Integrating air cargo into multimodal transportation networks: vision and practical relevance of quattro-modal freight hubs
M. Prandtstetter, K. Markvica, J. Zajicek, S. Pfoser, O. Schauer, L. Putz, G. Hauger, M. Wanjek, C. Berkowitsch, R. Schodl, S. Eitler - Integrating air cargo into multimodal transportation networks: vision and practical relevance of quattro-modal freight hubs - European Transport Conference, Barcelona, Spanien, 2016, pp. 14-28
One crux of intermodal freight transportation is the ability to tranship goods from one mode of transport (MOT) towards another one. Typically, this is realised in bi- or trimodal hubs, i.e. hubs connecting two or three different MOT with each other. Talking of intermodal freight transportation these connected MOT are road, rail and/or (inland) navigation. Including air cargo into the range leads to an advancement of hubs towards quattromodal hubs, i.e. hubs combining all four so far mentioned MOT, which – to our best knowledge – literature addresses only poorly so far.

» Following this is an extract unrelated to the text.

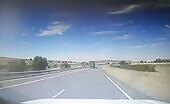 2 people bumping into a roadway in south africa, one didn't q.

In this paper, we start with a definition of quattromodality with a special focus on the integration of air cargo. It turned out, also based on site visits at best practices identified in Europe where integration of air cargo is already done or at least started, that in contrast to classical trimodal hubs quattromodal hubs are rather defined on a regional (and not local) level, i.e. that proximity is realised through mile-in-the-middle concepts. We finally focus on the Vienna region (in Austria) where a trimodal hub (road, rail, inland navigation) and a bimodal hub (road, air) are relatively close located to each other. We present four different mile-in-the-middle concepts for this region.